Most of the time removing aggressive Himalayan blackberry involves cutting thorny canes, digging up brainy-looking roots, and suppressing regrowth with thick layers of mulch.  This time of year, for just a few weeks, the work gets a little more delicious. Removing the berries from the bushes before the birds get to them and redistribute their seeds all over our parks is a tough job, but someone has to do it.

If you don’t know which blackberry plant is the Himalayan blackberry, you can use a few key characteristics to identify it:

  • Grows in thickets up to 10/15 ft tall
  • 5 leaflets in a palmately compound, or digitate, formation
  • Hexagonal/angular stem/stalk
  • Big thorns growing along the edges of the stalks
  • Large black berries

It’s not out of the ordinary to get questions from residents like, “WHY would you would remove their favorite berry picking patch?”  The Green Seattle Partnership isn’t just about removing blackberry, the goal of the program is to create healthy, diverse, and sustainable forests and natural areas in Seattle’s parklands.  This means replacing aggressive Himalayan blackberry, which often grows as a monoculture, with a diverse pallet of plants that create a healthier habitat and allow for the growth of different plant species including trees. You can get some first-hand experience with Himalayan blackberry at a Green Seattle Partnership volunteer event, check out the events calendar to find an event near you.

Do you have this plant growing in your yard?  Be a good neighbor to our parks by removing it to help prevent it from spreading or spilling into the park.  Learn about approaches for successful removal from the King County Noxious Weed Control Program.

We enlisted the help of a handful of staff members at Forterra to try a few different ways to use up your summer blackberries.  These guest chefs cooked, documented, and reviewed the recipes below.  Bon appetite!

Blackberry Lavender Cornbread with Blackberry Butter

Chef: Christine Cole, Grants Compliance Officer

The lavender adds a floral finish to the tart berries in this sweet and savory cornbread. Double down on the blackberries by smothering the cornbread in a creamy blackberry butter.

Christine found the recipe for the cornbread on Spache the Spatula, and the blackberry butter recipe can be found on Cooking for Keeps.

Chef’s review: I think this recipe could be pretty forgiving and could easily be adapted to make it gluten and/or dairy free. I had several people taste test the goods, and it received positive reviews.

Two Birds, One (Pizza) Stone

Chef: Alex Selvey, Stewardship Associate

A pizza with bold flavors of not one, but two non-native, weedy plants (not sure if I would call fennel invasive, but it’s certainly not native, and aggressive) in one tasty recipe, topped with goat cheese (a nod to the goats often found eating weeds along roadsides). The pizza is on a rye dough, but any pizza dough would taste great!

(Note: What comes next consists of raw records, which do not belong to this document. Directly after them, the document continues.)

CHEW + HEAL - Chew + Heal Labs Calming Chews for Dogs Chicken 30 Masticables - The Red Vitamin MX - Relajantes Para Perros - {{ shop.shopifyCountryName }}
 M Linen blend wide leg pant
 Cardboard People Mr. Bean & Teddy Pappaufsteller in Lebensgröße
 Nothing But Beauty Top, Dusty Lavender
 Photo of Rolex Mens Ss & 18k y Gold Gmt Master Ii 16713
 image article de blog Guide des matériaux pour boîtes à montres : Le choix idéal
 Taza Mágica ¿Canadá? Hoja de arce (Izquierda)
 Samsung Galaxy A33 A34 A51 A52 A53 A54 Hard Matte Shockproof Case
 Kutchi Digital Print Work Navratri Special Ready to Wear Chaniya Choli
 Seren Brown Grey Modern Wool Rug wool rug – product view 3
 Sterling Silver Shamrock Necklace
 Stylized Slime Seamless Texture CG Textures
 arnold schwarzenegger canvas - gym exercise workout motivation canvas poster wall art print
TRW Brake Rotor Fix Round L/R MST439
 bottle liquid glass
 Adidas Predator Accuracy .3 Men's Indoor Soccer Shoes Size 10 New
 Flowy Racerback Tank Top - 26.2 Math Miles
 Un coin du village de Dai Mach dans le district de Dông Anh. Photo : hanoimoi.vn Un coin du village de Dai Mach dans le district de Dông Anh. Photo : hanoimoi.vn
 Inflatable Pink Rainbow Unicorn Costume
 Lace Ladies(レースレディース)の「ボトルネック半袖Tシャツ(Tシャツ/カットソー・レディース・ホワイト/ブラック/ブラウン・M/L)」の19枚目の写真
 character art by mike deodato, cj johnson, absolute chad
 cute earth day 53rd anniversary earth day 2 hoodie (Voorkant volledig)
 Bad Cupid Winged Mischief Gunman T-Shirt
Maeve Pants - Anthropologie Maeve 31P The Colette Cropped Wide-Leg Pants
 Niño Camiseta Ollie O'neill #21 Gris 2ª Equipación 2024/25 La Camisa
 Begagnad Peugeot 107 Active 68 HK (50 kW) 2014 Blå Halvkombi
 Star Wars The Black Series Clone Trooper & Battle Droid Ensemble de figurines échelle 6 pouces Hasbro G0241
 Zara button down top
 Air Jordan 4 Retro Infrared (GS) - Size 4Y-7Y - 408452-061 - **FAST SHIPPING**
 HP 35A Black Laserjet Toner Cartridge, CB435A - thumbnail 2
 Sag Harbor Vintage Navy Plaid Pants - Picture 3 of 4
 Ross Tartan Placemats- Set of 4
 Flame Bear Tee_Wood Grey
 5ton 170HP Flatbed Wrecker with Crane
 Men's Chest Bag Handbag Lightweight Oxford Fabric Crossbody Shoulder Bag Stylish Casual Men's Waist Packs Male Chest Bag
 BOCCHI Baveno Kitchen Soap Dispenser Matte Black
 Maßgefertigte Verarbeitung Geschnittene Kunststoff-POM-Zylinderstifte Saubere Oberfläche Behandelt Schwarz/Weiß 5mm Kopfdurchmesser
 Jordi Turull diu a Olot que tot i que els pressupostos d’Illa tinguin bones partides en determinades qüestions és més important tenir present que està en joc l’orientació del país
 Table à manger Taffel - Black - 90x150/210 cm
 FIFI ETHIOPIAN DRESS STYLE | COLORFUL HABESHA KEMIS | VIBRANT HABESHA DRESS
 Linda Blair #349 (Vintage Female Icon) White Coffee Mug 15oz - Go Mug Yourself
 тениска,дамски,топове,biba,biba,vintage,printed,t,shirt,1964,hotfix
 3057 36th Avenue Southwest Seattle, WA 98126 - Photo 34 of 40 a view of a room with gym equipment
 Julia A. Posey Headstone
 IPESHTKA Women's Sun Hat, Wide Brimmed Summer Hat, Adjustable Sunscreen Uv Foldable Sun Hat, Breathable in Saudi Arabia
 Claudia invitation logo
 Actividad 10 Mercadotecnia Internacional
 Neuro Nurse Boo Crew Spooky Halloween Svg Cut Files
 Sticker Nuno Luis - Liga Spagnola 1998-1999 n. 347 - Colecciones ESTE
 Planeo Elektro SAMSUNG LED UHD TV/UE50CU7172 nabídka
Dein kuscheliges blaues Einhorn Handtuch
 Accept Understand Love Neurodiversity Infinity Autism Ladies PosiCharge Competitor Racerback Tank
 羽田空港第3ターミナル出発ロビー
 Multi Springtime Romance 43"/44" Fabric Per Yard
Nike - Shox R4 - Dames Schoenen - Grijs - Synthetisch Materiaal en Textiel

Alex created his own recipe for this pizza, which you can see in full here.

Chef’s review: You’ll never have a pizza that tastes like this. Especially with the rye dough, the pizza is aromatic and flavorful, and can be altered to match your tastes. I had leftover sauce, and you could halve the recipe if you want to use half a can of San Marzano tomatoes for something else. Next time I would maybe use fresh tomatoes instead. Also, the dough was kind of hard to work with, and there are many rye dough recipes online that yield good results with less time/effort, such as this one.

Tequila Blackberry Crisp

Chefs: Danna Bowers, Corporate Relations Manager and Whitney Rose, Development Coordinator

A boozey, melt-in-your-mouth, and easy-to-make take on a classic fruit crisp… sure to pair well with a margarita! We followed the recipe from the popular food blog, The Crepes of Wrath. 

Ingredients: Blackberries, sugar, tequila, limes, flour, almonds, brown sugar, cinnamon, salt, unsalted butter, and optional: ice cream/whipped cream.

Chefs’ review: Delicious! Perfect way to use up a large quantity of blackberries. Also, it is highly recommended that you eat a few of the tequila soaked blackberries while you are cooking! Our only change would be to make sure to use almond slivers instead of slices (to get a better ratio of almonds spread on top of the crisp). **Fun tip: For an easy and less messy way to juice a lime—use tongs! Place the lime inbetween the handles of the tongs and squeeze!

Blackberry Bourbon Smash (or Blackberry Spritzer)

Chef: Andrea Mojzak, Green Cities Program Manager

This bourbon-based, muddled cocktail tastes like a mint juleps with a late summer twist.  Sans bourbon, it makes a refreshing spritzer. I made the recipe almost exactly as it was written from the food blog, Kitchen Swagger.    

Ingredients: Bourbon, blackberries, sugar, water, lemon/lime, fresh mint, soda water, and ice.

Chef’s review: This cocktail was pretty good. What’s not to like?  Next time, I would strain the cocktail to make the drink a little neater.  Remember that our local blackberries have a lot of seeds.  So between the seeds and the mint leaves there were too many particulates for my liking. For the spritzer, I would use more blackberries, and/or a splash of ginger beer to give it more flavor.